Krefeld. Ein begeisternder Auftakt für den Literarischen Sommer: Im Krefelder Ruderclub an der Bataverstraße las Sasa Stanisic aus seinem Roman „Vor dem Fest“. Davor allerdings plauderte er mit Maren Jungclaus vom Literaturhaus Düsseldorf über das Leben und das Schreiben. Mit seiner heiteren, liebenswürdigen und klugen Art nahm er das Publikum für sich ein.

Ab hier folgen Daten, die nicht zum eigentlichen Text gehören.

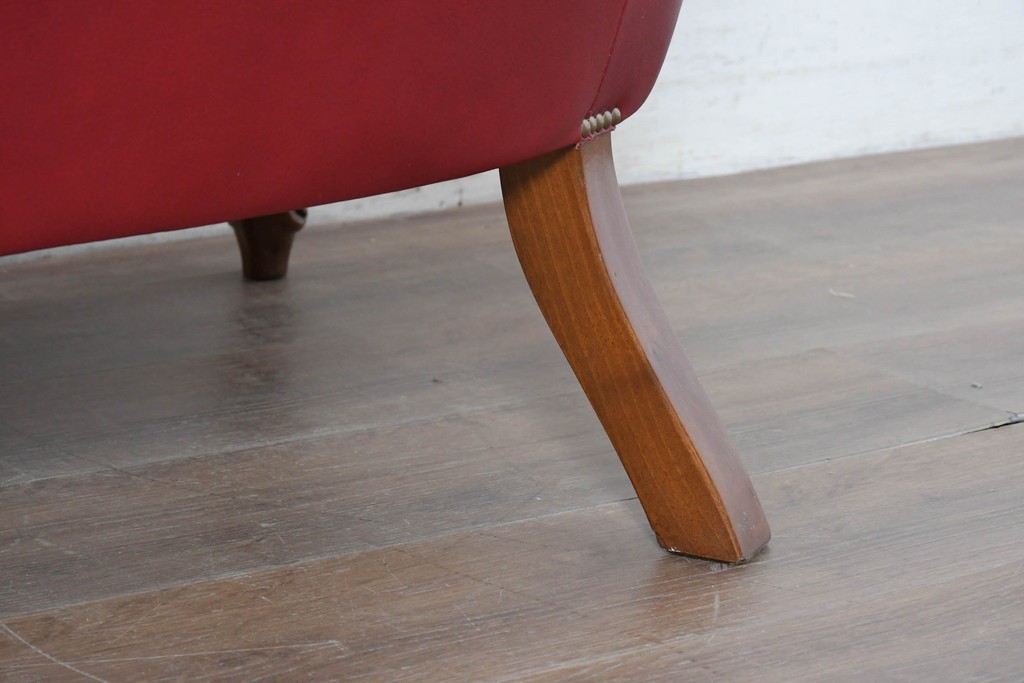 中古　スペイン　VARO,S.A. VALENTI(バロッサバレンティ)　本革　クラシカルなデザインの二人掛けソファ　(R-087369)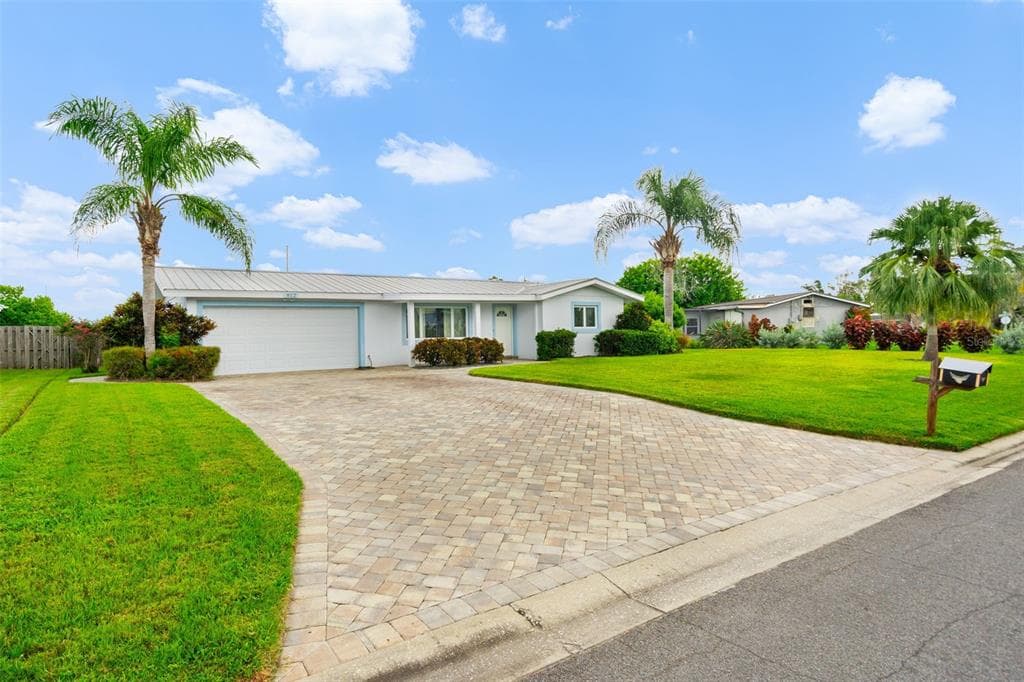 812 ARLINGTON ROAD photo 3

In diesem Sommer, beim 15. Festival, lesen 23 Autoren an neun Orten in der deutsch-niederländischen Grenzregion. Für die Eröffnung hatten die beiden Krefelder Organisatorinnen Helga Krall (Mediothek) und Anette Ostrowski (Kulturbüro) ihren Wunschkandidaten Stanisic in den Ruderclub gelotst. Schon mittags war er mit dem Zug angekommen und hatte sich zu Fuß den Stadtwald angeeignet.
Am Tag nach der Zusage für Krefeld („Ich bin sehr gerne hierhergekommen“) hatte der junge Deutsche den Buchpreis der Leipziger Buchmesse erhalten, schon 2005 bekam er den Publikumspreis in Klagenfurt.
Stanisic wurde 1978 in Bosnien geboren, bei Kriegsausbruch 1992 floh er mit seinen Eltern nach Heidelberg. Schon als Junge war er eine Leseratte: In seinem Heimatdorf wurde er als 13-Jähriger dafür ausgezeichnet, dass er die größte Zahl an Büchern aus der Bibliothek entliehen hatte. „Wir hatten eine Klappcouch, darin konnte ich meine Bücher aufbewahren“, sagt Sasa Stanisic und schildert, wie er dann inmitten dieser Bücher schmökerte.
An seiner Schule in Heidelberg hatte er das große Glück, von einem ihm zugewandten Deutschlehrer unterrichtet zu werden: „Er hatte gesehen, dass ich ein Gedicht geschrieben hatte und sprach von da an jeden Montag und Donnerstag in der Pause eine Stunde lang mit mir über Lyrik“, sagt er dankbar. Später studierte er am Leipziger Kulturinstitut.
Sein erster Roman „Wie der Soldat das Grammofon repariert“, war ein großer Erfolg und wurde mittlerweile in 30 Sprachen übersetzt. Sein neues Buch enthält ein ganzes Bündel von Geschichten, die sich aus Erzählungen aus der Uckermark und der bosnischen Heimat speisen. „Es ist eine Wanderung durch 700 Jahre uckermärkische und bosnische Geschichte“, sagt der Schriftsteller dazu. „Ein historischer Speicher.“
Seinem Publikum las Sasa Stanisic ausgewählte Szenen vor, die in eine besondere Begegnung münden: zwischen einer Fähe und einem Hühnerzüchter, genannt Ditsche. Ungewöhnliche Blickwinkel, genaue Recherche, Humor und vor allem die Zuneigung zu seinen Figuren sprechen aus den Passagen. „Ich mag meine Figuren, das Dorf lebt weiter in mir“, sagt Stanisic.
Die erste Fassung des Romans hatte 700 Seiten, jetzt sind es 320. Schwer hat er sich von diesen Teilen getrennt: „Ich habe vier Jahre an dem Roman gearbeitet“, sagt er. So stellt Stanisic weitere Episoden aus seinem uckermärkischen Kosmos ins Netz — für seine Leser.